Mary Allison volunteers her time to the homebound parishioners of St. Joseph Parish in Menomonie. For Mary Allison, visiting the sick is not a job or a chore, it is a joyful experience.
Through her work as secretary for St. Joseph Parish in Menomonie, Mary has the opportunity to work with the sick in several different ways. She visits people in their homes, provides a monthly Communion service at an assisted living facility and plans a yearly healing Mass for the parish.
By Mary Kay McPartlin
Photography by Michael Lieurance
“I try to see a variety of people. I do it through work,” Mary says. “I have always enjoyed being with older people.”
Caring for the sick was one of Jesus’ commands to his disciples and is part of the Corporal Works of Mercy. As a cradle Catholic, Mary is aware of Jesus’ desire for his followers to show reverence and love to the elderly and those who are struggling with illness. She follows Christ’s lead, and her service is rooted in the understanding of how valuable these people are to the St. Joseph community and what joy they bring to her daily life.

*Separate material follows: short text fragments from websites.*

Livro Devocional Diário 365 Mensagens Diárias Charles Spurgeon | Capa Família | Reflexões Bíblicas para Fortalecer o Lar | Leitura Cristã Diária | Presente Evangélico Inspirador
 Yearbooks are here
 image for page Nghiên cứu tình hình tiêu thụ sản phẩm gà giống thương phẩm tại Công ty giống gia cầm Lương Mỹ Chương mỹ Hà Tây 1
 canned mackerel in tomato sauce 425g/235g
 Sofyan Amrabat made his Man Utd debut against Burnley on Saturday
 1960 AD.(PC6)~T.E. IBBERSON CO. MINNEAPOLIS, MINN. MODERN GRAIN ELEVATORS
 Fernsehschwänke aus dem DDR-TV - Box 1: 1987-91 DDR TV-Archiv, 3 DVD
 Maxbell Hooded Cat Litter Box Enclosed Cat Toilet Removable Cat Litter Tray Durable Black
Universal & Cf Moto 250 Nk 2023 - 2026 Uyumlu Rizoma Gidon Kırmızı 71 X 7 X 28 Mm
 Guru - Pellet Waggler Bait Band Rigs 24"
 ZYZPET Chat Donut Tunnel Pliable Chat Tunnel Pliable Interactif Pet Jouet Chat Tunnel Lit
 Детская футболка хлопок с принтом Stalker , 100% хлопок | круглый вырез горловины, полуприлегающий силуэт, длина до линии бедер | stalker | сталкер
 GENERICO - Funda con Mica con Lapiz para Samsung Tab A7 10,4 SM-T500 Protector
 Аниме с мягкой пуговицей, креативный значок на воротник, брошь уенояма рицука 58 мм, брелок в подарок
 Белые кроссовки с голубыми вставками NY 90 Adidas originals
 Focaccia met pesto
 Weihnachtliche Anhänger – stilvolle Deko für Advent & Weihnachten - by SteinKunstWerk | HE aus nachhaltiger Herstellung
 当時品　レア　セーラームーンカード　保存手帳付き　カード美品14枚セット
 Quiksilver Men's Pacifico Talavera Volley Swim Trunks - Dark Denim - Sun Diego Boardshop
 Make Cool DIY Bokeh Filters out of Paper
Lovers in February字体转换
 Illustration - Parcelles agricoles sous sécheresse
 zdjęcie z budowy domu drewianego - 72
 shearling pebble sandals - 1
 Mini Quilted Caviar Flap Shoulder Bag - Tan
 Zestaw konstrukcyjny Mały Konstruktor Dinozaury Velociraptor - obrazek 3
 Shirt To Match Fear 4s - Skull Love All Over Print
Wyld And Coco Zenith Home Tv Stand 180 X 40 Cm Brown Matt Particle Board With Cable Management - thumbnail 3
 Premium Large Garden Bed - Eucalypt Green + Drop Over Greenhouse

Mary’s home life also brings her closer to people who are often the forgotten members of society. “I spend a great portion of time with my mother,” says Mary. “She’s in a care facility. There are other people in the facility that I do see and engage with as well. I’ve always been drawn to being with people. It gives me great joy.”
For Mary, ministering to the sick goes beyond just bringing the Eucharist or praying with people. Ministry also means bringing the outside world to people who can’t go and do what they used to do.
During Lent, her ministry even included sharing the moments of the season.
“I tried to take fish fries to people who couldn’t get out,” Mary says.
Every year in October, St. Joseph parish offers a healing Mass and anointing of the sick for parishioners. Invitations are sent to those who are 80 or older, and Mass is followed by a meal of soup and sandwiches. The special Mass is a beloved tradition in the parish.
“We’ve been offering the anointing Mass for at least seven years,” says Mary. “The people who come are so faithful. I am so struck by their great, strong faith. Also many who are invited and attend the Mass are the same people who go out and help others through the homebound ministry. There’s just something about being present with all of these people. You get to know the people really well. You know about them and their history. It’s such a great community of people. There are fabulous role models here for me. I feel very blessed to be part of St. Joseph’s.”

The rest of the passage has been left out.